Received 16 August 2012; Revised 21 November 2012; Accepted 2 December 2012

Academic Editor: Elvira Gonzalez De Mejia

Copyright © 2013 José Inácio Salles et al. This is an open access article distributed under the Creative Commons Attribution License, which permits unrestricted use, distribution, and reproduction in any medium, provided the original work is properly cited.

Abstract

The goal of the present study is to compare the electrophysiological correlates of the threshold to detection of passive motion (TTDPM) among three groups: healthy individuals (control group), professional volleyball athletes with atrophy of the infraspinatus muscle on the dominant side, and athletes with no shoulder pathologies. More specifically, the study aims at assessing the effects of infraspinatus muscle atrophy on the cortical representation of the TTDPM. A proprioception testing device (PTD) was used to measure the TTDPM. The device passively moved the shoulder and participants were instructed to respond as soon as movement was detected (TTDPM) by pressing a button switch. Response latency was established as the delay between the stimulus (movement) and the response (button press). Electroencephalographic (EEG) and electromyographic (EMG) activities were recorded simultaneously. An analysis of variance (ANOVA) and subsequent post hoc tests indicated a significant difference in latency between the group of athletes without the atrophy when compared both to the group of athletes with the atrophy and to the control group. Furthermore, distinct patterns of cortical activity were observed in the three experimental groups. The results suggest that systematically trained motor abilities, as well as the atrophy of the infraspinatus muscle, change the cortical representation of the different stages of proprioceptive information processing and, ultimately, the cortical representation of the TTDPM.

1. Introduction

The atrophy of the infraspinatus has been clinically recognized as corresponding to a suprascapular nerve palsy [1]. The suprascapular nerve is sensory and motor in nature, and it provides motor innervations to the infraspinatus and supraspinatus muscles [2, 3]. Atrophy of the infraspinatus muscle is an uncommon pathology, usually observed in professional athletes [4]. Inadequate training techniques and premature specialization contribute to peripheral neurological lesions of the athletes’ shoulders [5]. Suprascapular nerve injury is usually incomplete, allowing asymptomatic sport performance, because of the compensatory action of teres minor [6]. Holzgraefe et al. [7] showed that 33% of high level volleyball players had clinical or electrophysiological evidence of suprascapular nerve injury. More recently, Alary et al. [8] identified a 30% incidence of infraspinatus atrophy in beach volleyball athletes.

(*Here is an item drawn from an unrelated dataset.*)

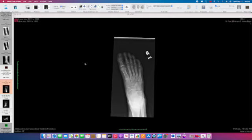This is case 8530. This is a 16-year-old boy with right foot pain. We have AP, oblique, and lateral radiographs of the right foot.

The high incidence of this pathology in volleyball players suggests that the nature of the game plays an important role in the pathogenesis of the atrophy of the infraspinatus muscle [9]. The pathogenesis of this injury lies in the floating service, though the authors admit the possibility that some players might be susceptible to the lesion due to a predisposition caused by anomalous factors of the terminal branch of the nerve, hypertrophy of the spinoglenoid ligament or the high mobility of the shoulder, among others [10, 11]. We hypothesized that athletes with infraspinatus muscle atrophy can develop proprioceptive deficits, which might be explained by the fact that mechanoreceptors of the posterior capsule and glenohumeral joint are mechanically sensitive and transduce mechanical tissue deformation as frequency-modulated [10, 1214]. Proprioception is a specialized form of the sense that encompasses the ability to detect movement [15]. The assessment of proprioception is determined by the ability to detect joint movement and has been traditionally conducted by measuring the threshold to detection of passive motion (TTDPM) [7, 14, 16].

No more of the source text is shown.